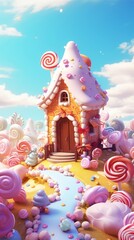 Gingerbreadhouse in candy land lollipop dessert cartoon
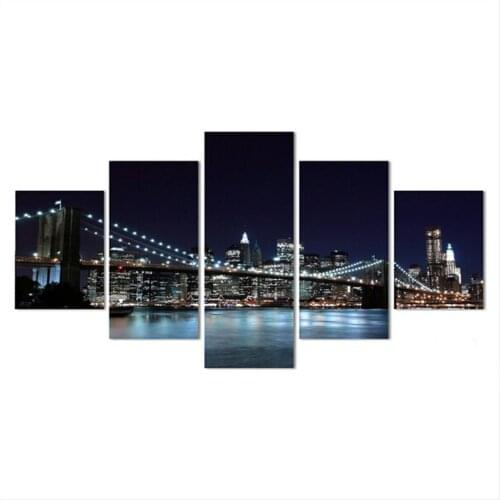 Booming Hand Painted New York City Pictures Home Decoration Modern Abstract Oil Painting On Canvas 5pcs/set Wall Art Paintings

■ ■ ■

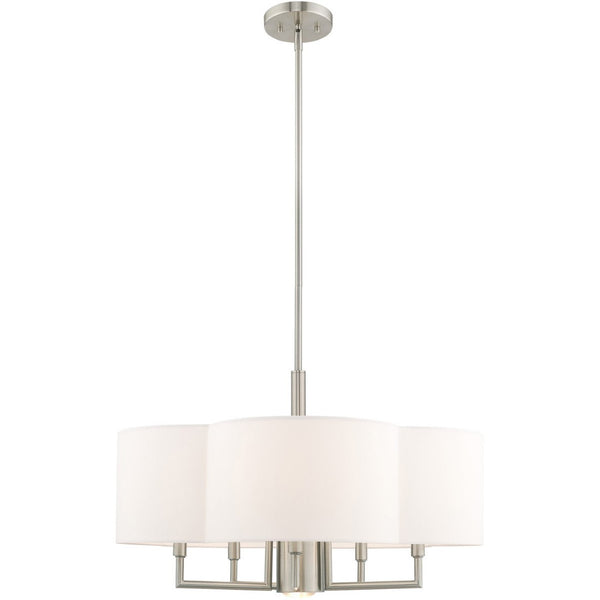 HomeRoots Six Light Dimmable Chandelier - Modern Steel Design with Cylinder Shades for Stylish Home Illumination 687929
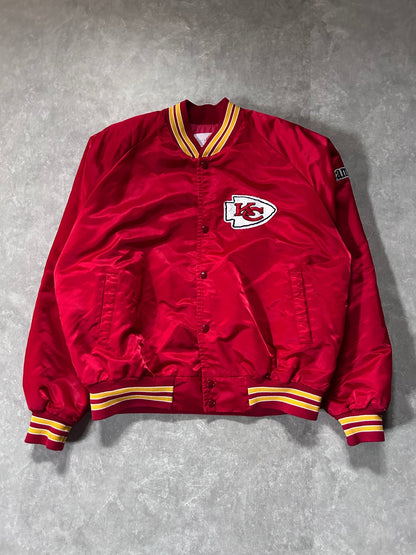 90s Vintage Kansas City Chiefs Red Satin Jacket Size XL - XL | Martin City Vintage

■ ■ ■

Reproduce exactly the lines of the data above that run from the line with "Gingerbreadhouse in candy" down to the line with "Booming Hand Painted", both ends included. Pictures do not belong in the copy.

 Gingerbreadhouse in candy land lollipop dessert cartoon
 Booming Hand Painted New York City Pictures Home Decoration Modern Abstract Oil Painting On Canvas 5pcs/set Wall Art Paintings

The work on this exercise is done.